• **Provided information**

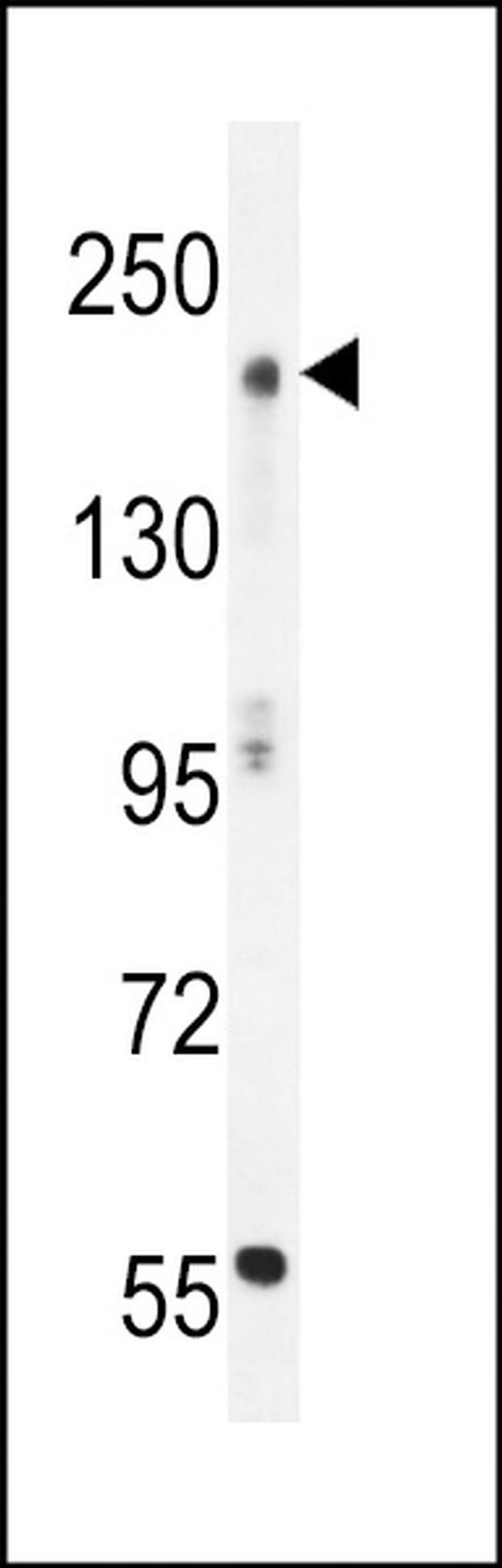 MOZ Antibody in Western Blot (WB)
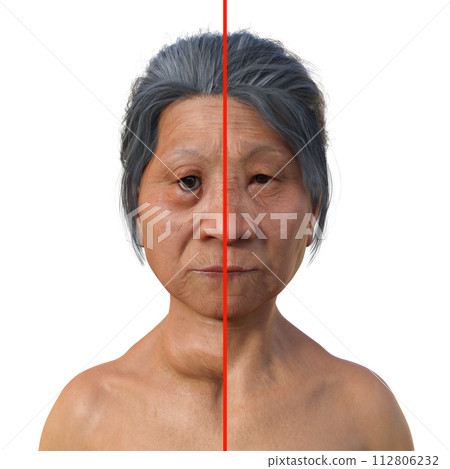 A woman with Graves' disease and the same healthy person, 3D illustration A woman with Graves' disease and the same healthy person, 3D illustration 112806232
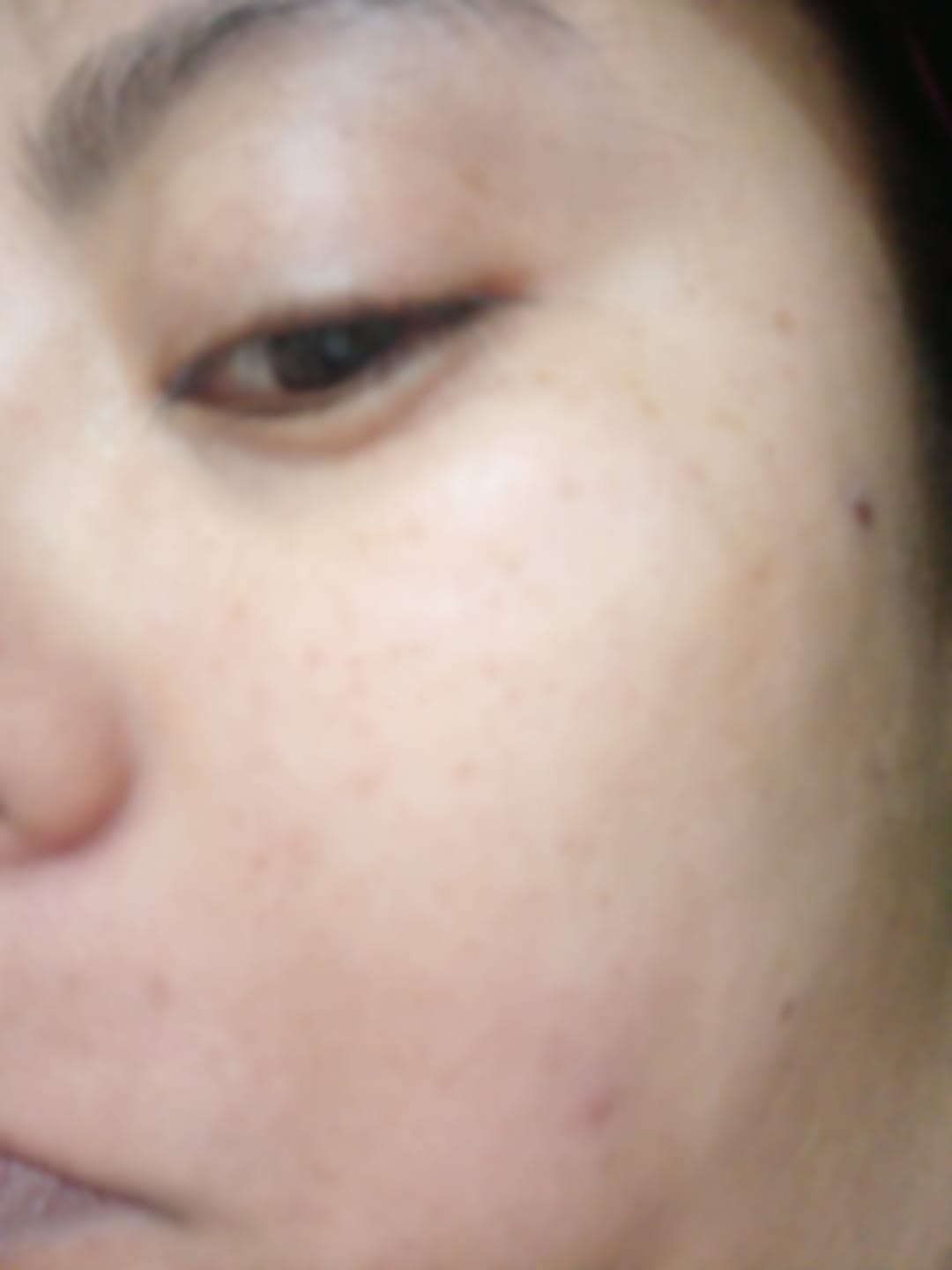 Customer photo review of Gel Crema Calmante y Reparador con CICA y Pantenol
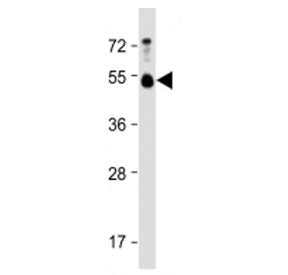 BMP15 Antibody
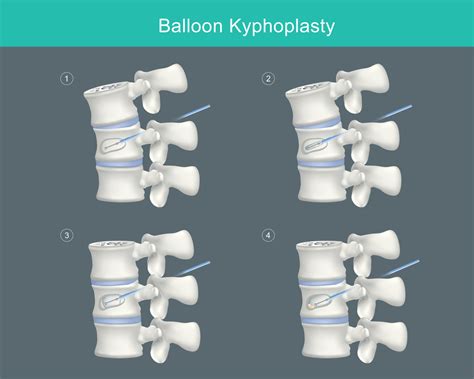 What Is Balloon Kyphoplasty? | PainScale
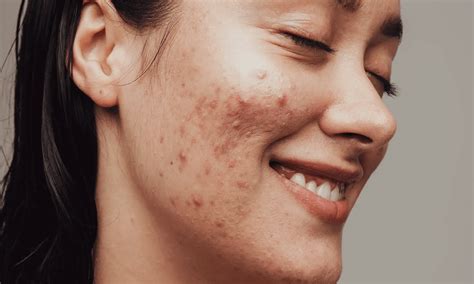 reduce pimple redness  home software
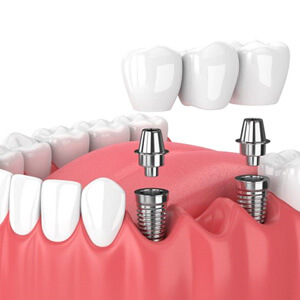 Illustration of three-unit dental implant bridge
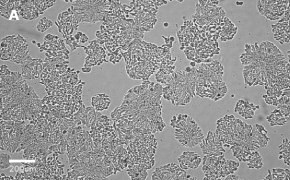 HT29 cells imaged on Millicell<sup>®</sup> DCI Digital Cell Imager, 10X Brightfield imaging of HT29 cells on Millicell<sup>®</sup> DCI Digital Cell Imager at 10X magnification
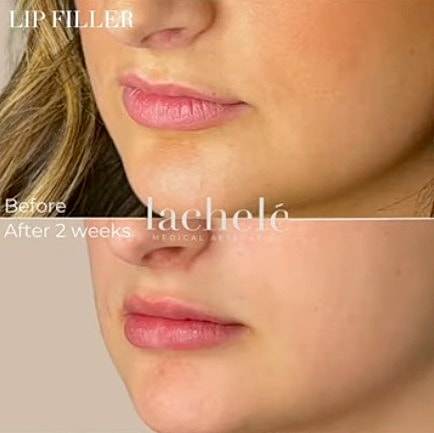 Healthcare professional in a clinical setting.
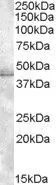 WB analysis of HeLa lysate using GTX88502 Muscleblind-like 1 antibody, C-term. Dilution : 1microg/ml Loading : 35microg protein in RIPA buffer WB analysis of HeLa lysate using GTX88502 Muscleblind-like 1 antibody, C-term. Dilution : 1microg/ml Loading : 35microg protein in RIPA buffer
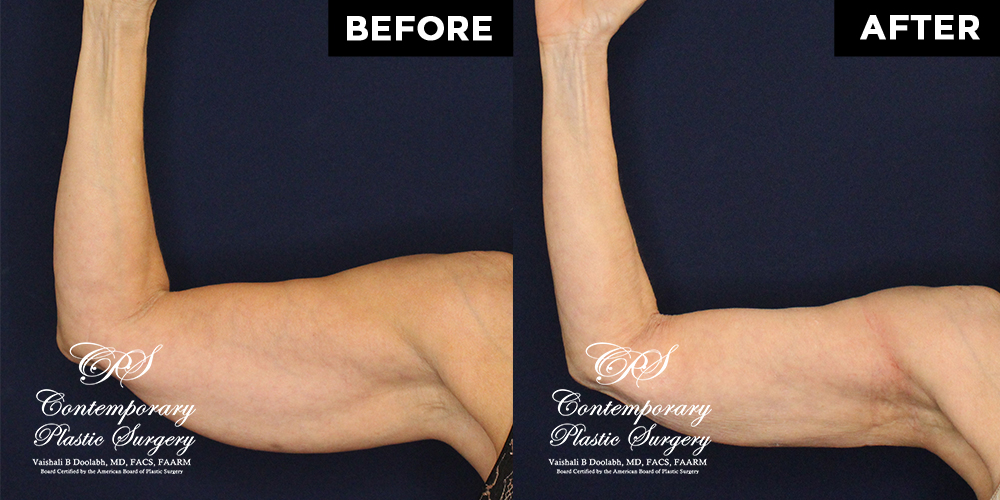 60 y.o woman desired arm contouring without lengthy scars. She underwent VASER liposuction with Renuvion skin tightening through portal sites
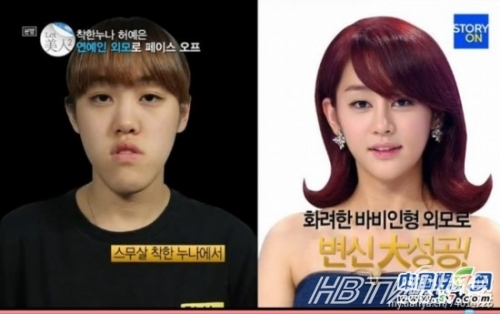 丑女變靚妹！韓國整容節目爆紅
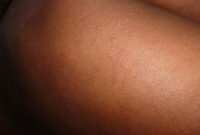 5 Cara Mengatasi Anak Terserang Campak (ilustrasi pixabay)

• **Task item**
Make an exact copy of the records shown above, without the pictures.

• **Answer space**
 MOZ Antibody in Western Blot (WB)
 A woman with Graves' disease and the same healthy person, 3D illustration A woman with Graves' disease and the same healthy person, 3D illustration 112806232
 Customer photo review of Gel Crema Calmante y Reparador con CICA y Pantenol
 BMP15 Antibody
 What Is Balloon Kyphoplasty? | PainScale
 reduce pimple redness  home software
 Illustration of three-unit dental implant bridge
 HT29 cells imaged on Millicell<sup>®</sup> DCI Digital Cell Imager, 10X Brightfield imaging of HT29 cells on Millicell<sup>®</sup> DCI Digital Cell Imager at 10X magnification
 Healthcare professional in a clinical setting.
 WB analysis of HeLa lysate using GTX88502 Muscleblind-like 1 antibody, C-term. Dilution : 1microg/ml Loading : 35microg protein in RIPA buffer WB analysis of HeLa lysate using GTX88502 Muscleblind-like 1 antibody, C-term. Dilution : 1microg/ml Loading : 35microg protein in RIPA buffer
 60 y.o woman desired arm contouring without lengthy scars. She underwent VASER liposuction with Renuvion skin tightening through portal sites
 丑女變靚妹！韓國整容節目爆紅
 5 Cara Mengatasi Anak Terserang Campak (ilustrasi pixabay)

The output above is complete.